Вокруг восстановления Собора Парижской Богоматери мы можем увидеть объединение тех, кого называют «людьми доброй воли», уверена Ольга Седакова. Почему не надо искать зловещих знаков и как исправить несчастье..
Ольга Седакова
То, что случилось с этим великим зданием, – горе для многих. Собор построен, как строились древние храмы: с любовью и верой, как общее религиозное приношение. Человеческий гений в нем проявился во всей силе. Сколько веков множество людей молились здесь, думали, музицировали (органистами собора были лучшие французские музыканты). Париж без этого Собора – как будто обезглавленное тело. И Франция, и Европа…
Особенно горько, что это произошло как будто неоправданно: ведь храмы рушились во время тяжелых исторических и природных катастроф – войны, бомбардировки, землетрясения. А здесь ничего такого не было.
Собор Парижской Богоматери может быть больше, чем какой-нибудь другой христианский собор, стал родным для людей в разных точках мира, и у нас в России тоже. Может быть, из-за романа Гюго, может быть, из-за того, что о нем очень много писали, и все, кто ездил во Францию, старались его увидеть, посетить. В любом случае это – общее сокровище человечества, потому и такая общая реакция боли.
Когда ты там бывал не раз, в разные годы, с разными спутниками – это просто часть твоей жизни. Так у меня в уме все эти лица и эпизоды проносились вчера.
Особая история, связанная с Собором, для меня – это обращение Поля Клоделя, одного из моих любимых поэтов, которого я немало переводила. Он пережил его на рождественской службе в Нотр Дам, и в храме установлена табличка: «На этом месте (дата, которую я точно не помню) Поль Клодель пережил обращение». Богородица – ей посвящен Собор – прямо обратилась к нему. Каждый раз, бывая там, я подходила к этому месту.
Поскольку я знаю Европу «в лицах»: в лицах моих друзей и знакомых, меня нисколько не удивила реакция французов, которые на коленях молились и пели у горящего собора. Я знаю, какая живая вера существует сегодня во Франции, в Париже, какие там есть новые христианские движения. Конечно, они составляют в современной цивилизации меньшинство, но это очень живое и горячее меньшинство. Я бы сказала, что у нас такого христианского меньшинства много меньше.
Слухи и разговоры, которые возникают очень быстро и невольно, про то, что пожар собора – некий знак для современных людей, я бы, скорее, отгоняла. Обратите внимание: даже Папа Римский Франциск не говорил ни о каких знаках. Того, что можно прочитать как знак (зловещий или предостерегающий) немало и без этого пожара. Да, это событие очень значительное и потрясшее многих, но не стоит искать в нем какую-то конкретную символику.

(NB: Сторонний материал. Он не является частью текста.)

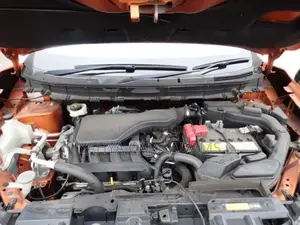 Nissan X-Trail 2.0 Petrol AWD 2018 Orange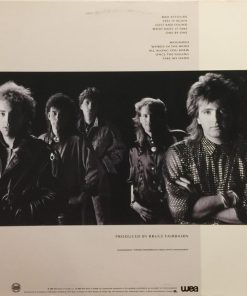Alternative view of Honeymoon Suite - The Big Prize (LP, Album, DMM) (Mint (M))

Уже вчера было видно, как боль и желание каким-то образом поправить дело стали объединять людей. Многие во всех концах мира захотели каким-то образом участвовать в восстановлении Собора. Самое простое участие – финансовое, или, быть может, какая-то техническая, инженерная помощь. Уже поступают такие предложения со всего мира. И у нас, надеюсь, есть люди, которые захотят участвовать в восстановлении собора (по предварительным предположениям, оно займет не меньше 10 лет). Если ты хотя бы 20 евро вложишь в эти работы, то примешь это участие в общей истории. Я, например, хочу это сделать.
Я думаю, что случившееся уже показало и еще покажет нашу способность объединяться во время несчастий. К сожалению, теперь именно горе или какая-то катастрофа объединяет людей. Общих радостей у нас как-то не осталось. Но я думаю, вокруг восстановления Собора Парижской Богоматери мы увидим значительное и, может быть, даже неожиданное объединение тех, кого называют «людьми доброй воли», bonae voluntatis.